— TRY IT —
Extract from the entries below, exactly as given, only the lines from the line containing "Solid gold, gold" to the line containing "8 Box Tree Place, Inverell NSW 2360", both lines included.

— DATA IN THIS EXERCISE —
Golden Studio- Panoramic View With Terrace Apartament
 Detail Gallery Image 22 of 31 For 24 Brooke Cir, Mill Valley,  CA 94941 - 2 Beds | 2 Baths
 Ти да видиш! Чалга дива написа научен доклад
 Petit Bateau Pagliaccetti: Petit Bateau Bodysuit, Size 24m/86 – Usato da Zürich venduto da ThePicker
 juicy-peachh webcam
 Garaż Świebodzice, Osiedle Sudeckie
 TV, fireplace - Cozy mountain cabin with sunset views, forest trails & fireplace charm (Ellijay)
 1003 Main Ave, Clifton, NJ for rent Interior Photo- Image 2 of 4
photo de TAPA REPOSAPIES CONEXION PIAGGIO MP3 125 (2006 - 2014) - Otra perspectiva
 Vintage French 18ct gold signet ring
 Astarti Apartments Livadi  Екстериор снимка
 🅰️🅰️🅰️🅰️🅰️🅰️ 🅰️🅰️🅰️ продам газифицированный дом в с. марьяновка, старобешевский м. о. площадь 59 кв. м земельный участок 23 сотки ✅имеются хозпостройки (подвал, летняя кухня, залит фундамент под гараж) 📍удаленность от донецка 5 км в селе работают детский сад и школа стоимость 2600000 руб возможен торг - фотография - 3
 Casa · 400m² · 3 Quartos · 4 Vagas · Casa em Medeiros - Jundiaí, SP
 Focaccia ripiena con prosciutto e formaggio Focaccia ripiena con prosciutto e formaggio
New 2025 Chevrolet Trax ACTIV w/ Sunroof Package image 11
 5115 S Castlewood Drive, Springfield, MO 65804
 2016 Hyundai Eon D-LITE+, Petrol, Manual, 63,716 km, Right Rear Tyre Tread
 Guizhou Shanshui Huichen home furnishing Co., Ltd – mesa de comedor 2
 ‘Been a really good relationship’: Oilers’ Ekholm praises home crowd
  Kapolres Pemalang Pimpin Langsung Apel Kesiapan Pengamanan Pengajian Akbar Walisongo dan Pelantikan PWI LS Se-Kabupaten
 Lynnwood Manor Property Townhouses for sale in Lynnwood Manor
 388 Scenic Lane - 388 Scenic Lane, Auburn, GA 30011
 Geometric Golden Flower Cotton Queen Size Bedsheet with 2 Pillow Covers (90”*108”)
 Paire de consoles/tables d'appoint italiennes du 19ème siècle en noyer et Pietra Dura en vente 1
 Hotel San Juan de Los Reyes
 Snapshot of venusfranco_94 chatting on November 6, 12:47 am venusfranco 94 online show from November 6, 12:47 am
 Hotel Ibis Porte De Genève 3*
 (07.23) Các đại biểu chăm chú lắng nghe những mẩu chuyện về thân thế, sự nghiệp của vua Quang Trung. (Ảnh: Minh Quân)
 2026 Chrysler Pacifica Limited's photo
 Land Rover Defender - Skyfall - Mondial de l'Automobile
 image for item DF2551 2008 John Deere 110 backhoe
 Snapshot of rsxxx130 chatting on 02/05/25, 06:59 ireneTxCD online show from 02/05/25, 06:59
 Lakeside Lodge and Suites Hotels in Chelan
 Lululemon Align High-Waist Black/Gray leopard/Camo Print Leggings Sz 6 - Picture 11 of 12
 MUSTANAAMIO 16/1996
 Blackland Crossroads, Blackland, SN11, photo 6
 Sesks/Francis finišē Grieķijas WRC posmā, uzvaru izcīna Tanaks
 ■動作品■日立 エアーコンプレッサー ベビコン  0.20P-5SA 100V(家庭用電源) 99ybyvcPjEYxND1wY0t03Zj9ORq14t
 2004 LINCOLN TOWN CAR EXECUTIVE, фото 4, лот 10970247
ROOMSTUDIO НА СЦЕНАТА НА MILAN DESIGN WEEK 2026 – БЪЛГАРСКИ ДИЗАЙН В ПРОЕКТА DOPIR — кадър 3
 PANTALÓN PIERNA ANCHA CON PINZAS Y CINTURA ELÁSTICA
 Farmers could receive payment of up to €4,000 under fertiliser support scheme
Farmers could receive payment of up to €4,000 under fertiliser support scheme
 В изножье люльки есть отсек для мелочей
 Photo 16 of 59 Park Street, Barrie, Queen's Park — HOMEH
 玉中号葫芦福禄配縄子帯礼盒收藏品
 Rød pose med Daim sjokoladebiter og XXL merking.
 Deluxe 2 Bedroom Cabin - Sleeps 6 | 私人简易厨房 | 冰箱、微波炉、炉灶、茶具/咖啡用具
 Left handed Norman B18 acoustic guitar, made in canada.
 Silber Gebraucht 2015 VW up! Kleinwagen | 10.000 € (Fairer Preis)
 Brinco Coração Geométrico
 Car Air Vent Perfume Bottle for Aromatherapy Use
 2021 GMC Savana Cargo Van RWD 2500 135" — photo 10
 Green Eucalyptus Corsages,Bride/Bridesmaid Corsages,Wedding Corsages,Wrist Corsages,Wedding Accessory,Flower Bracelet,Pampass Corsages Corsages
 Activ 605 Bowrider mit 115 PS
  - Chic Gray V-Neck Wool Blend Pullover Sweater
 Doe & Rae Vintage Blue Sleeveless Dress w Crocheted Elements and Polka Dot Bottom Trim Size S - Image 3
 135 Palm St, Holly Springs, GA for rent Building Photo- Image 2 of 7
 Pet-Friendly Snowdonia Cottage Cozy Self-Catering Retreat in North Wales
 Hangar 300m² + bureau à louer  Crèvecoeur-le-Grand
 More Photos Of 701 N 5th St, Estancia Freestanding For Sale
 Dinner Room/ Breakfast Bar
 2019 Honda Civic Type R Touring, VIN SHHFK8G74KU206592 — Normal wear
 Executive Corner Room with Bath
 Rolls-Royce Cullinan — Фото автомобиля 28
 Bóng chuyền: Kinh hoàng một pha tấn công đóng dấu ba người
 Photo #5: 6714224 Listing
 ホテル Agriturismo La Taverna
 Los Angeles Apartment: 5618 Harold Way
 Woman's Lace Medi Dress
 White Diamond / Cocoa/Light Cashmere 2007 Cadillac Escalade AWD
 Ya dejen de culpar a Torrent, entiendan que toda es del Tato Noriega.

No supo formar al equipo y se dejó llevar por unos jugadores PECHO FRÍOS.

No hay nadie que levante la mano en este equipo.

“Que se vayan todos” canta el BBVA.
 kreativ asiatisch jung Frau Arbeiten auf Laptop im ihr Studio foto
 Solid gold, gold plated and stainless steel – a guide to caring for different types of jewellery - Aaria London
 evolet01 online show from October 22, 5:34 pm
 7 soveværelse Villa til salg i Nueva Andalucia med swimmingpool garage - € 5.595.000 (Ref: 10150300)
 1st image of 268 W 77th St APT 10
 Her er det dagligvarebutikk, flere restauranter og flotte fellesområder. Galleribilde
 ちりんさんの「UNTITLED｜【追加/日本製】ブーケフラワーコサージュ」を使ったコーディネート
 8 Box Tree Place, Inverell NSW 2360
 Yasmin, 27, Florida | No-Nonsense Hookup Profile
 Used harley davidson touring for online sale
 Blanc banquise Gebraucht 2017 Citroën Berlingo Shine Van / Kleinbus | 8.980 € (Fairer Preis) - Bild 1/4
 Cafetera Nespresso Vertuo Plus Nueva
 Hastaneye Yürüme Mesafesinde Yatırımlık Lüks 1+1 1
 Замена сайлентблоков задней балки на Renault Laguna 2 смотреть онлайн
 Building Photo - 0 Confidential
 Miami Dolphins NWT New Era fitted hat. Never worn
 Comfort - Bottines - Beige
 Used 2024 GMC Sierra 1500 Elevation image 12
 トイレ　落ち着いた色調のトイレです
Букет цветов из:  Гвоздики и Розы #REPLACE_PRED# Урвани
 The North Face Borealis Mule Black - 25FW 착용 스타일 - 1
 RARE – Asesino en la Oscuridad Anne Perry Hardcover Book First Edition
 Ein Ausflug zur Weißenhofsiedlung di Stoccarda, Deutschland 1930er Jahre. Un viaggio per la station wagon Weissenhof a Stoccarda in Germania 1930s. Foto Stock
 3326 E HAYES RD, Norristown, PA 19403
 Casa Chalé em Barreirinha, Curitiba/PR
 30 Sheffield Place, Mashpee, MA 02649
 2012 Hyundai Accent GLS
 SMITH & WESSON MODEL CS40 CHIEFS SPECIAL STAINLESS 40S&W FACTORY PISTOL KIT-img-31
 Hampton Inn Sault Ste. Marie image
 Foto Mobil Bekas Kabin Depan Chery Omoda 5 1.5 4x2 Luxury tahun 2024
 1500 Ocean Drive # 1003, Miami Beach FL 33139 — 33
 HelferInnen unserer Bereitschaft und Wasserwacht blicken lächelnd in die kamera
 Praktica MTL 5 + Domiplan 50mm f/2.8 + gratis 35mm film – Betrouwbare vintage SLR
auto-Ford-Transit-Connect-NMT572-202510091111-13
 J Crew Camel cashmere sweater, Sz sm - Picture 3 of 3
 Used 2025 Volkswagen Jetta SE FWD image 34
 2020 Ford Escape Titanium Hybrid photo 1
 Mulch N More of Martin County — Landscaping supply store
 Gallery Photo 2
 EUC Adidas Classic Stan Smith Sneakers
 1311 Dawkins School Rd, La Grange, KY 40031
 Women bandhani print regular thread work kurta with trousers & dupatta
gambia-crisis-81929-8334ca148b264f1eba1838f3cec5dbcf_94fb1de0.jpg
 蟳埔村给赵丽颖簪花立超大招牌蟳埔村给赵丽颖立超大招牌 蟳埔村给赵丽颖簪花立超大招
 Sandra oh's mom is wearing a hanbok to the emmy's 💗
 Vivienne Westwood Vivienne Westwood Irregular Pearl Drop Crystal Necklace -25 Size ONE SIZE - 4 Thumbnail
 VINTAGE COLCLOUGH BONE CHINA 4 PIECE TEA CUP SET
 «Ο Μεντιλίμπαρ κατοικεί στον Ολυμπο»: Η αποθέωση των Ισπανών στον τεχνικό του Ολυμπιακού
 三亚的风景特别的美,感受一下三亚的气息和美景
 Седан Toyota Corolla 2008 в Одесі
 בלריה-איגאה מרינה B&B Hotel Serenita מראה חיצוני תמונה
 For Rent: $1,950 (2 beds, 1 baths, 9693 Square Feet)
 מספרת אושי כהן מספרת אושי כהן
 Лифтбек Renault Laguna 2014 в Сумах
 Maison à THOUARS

— ANSWER BOX —
 Solid gold, gold plated and stainless steel – a guide to caring for different types of jewellery - Aaria London
 evolet01 online show from October 22, 5:34 pm
 7 soveværelse Villa til salg i Nueva Andalucia med swimmingpool garage - € 5.595.000 (Ref: 10150300)
 1st image of 268 W 77th St APT 10
 Her er det dagligvarebutikk, flere restauranter og flotte fellesområder. Galleribilde
 ちりんさんの「UNTITLED｜【追加/日本製】ブーケフラワーコサージュ」を使ったコーディネート
 8 Box Tree Place, Inverell NSW 2360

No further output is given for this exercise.